**Assignment**
Copy out exactly the lines below that run from the one holding "Galeriden Volkswagen Passat" to the one holding "The Office - David Brent dancing", keeping both of those lines and no others.

**Exercise input**
BEGIN
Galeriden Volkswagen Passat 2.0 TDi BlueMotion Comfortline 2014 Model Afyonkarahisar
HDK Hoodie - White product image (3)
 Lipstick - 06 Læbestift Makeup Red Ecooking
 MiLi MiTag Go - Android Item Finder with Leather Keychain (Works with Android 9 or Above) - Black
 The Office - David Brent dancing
END
BEGIN
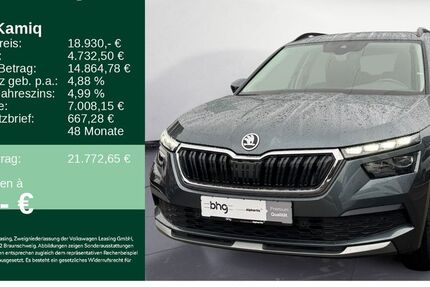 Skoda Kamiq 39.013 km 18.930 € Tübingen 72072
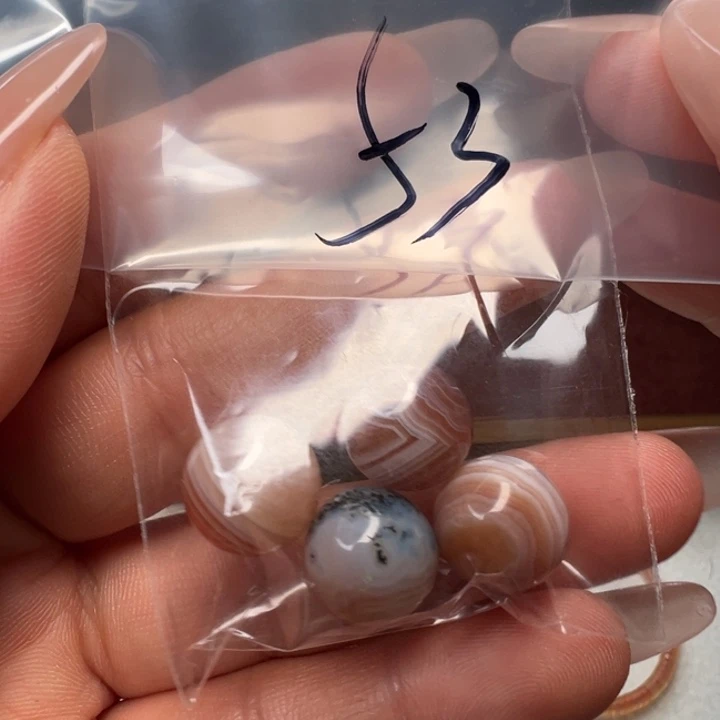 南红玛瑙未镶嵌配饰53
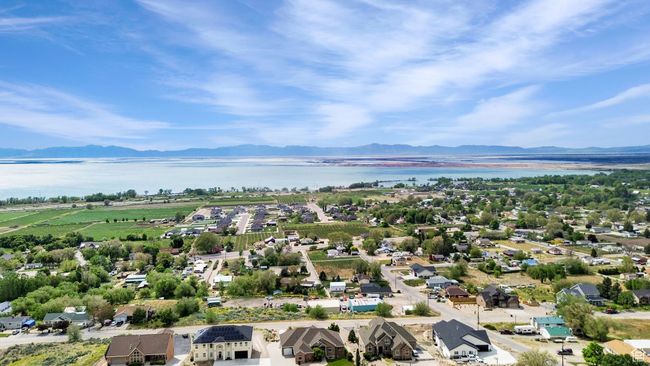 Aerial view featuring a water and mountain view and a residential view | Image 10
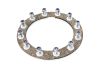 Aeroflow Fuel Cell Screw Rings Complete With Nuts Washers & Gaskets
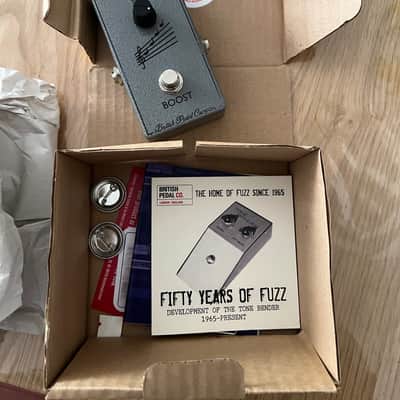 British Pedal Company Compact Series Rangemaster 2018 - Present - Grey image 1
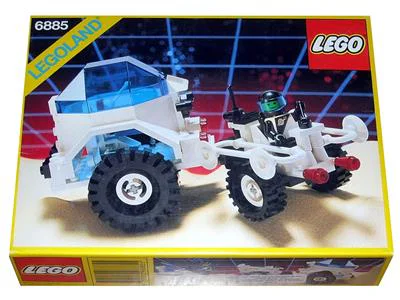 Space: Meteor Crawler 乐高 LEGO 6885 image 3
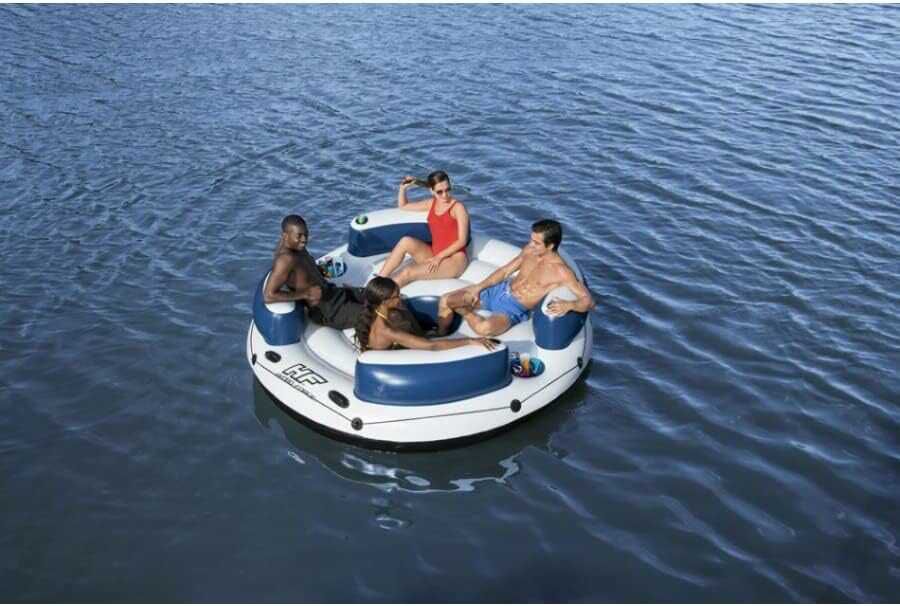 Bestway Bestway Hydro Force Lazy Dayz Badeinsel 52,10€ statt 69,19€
END
**Response to this task**
Galeriden Volkswagen Passat 2.0 TDi BlueMotion Comfortline 2014 Model Afyonkarahisar
HDK Hoodie - White product image (3)
 Lipstick - 06 Læbestift Makeup Red Ecooking
 MiLi MiTag Go - Android Item Finder with Leather Keychain (Works with Android 9 or Above) - Black
 The Office - David Brent dancing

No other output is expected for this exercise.